For this New Year I’ll leave it to others to announce the 6,7,8, 9 or 10 most important new PR trends for 2020, all inevitably linked to technology.

Instead I’ll just focus on the single most important PR factor for any year – human intelligence.

HI may be a new concept to some, but it’s been around for ages and will continue to be a key element in any area of PR work, and all walks of life.

If it isn’t buried beneath the tidal wave of movement towards AI and all other emerging forms of new technology, while so much of what should come naturally to us all is widely being erased.

HI is the most powerful tool at our disposal. It combines all the natural skills and senses we were born with, and the vitally important, but increasingly abandoned, ingredient of common sense.

If you go to a music concert these days and are among the army of people watching the act through your smart phone, are you enhancing the live experience, or missing out?

Do you really go home and play the concert back the next day? If so, notice anything you missed at the time because the phone was in front of your face and you couldn’t see much else beyond the forest of arms raised all around?

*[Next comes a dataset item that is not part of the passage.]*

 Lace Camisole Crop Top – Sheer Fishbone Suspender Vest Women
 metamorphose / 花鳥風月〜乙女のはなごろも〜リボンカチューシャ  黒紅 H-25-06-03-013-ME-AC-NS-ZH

Inside our head is a device which captures perfectly sharp and true to life still and moving images, along with the corresponding sounds, stores them away for life, and allows us to play them back at will.

I still see and hear Bruce Springsteen kicking off his 4th July 1985 visit to Wembley Stadium with ‘Independence Day’, and remember how the whole place bounced when ‘Dancing in the Dark’ blasted out.

That’s not to say that my iPhone 11 Pro, with its three cameras and everything else, isn’t a wonderfully helpful device in PR or any other business.

But it’s a device which has its place, and my New Year’s resolution for 2020 is to use it less, and do more to keep HI alive.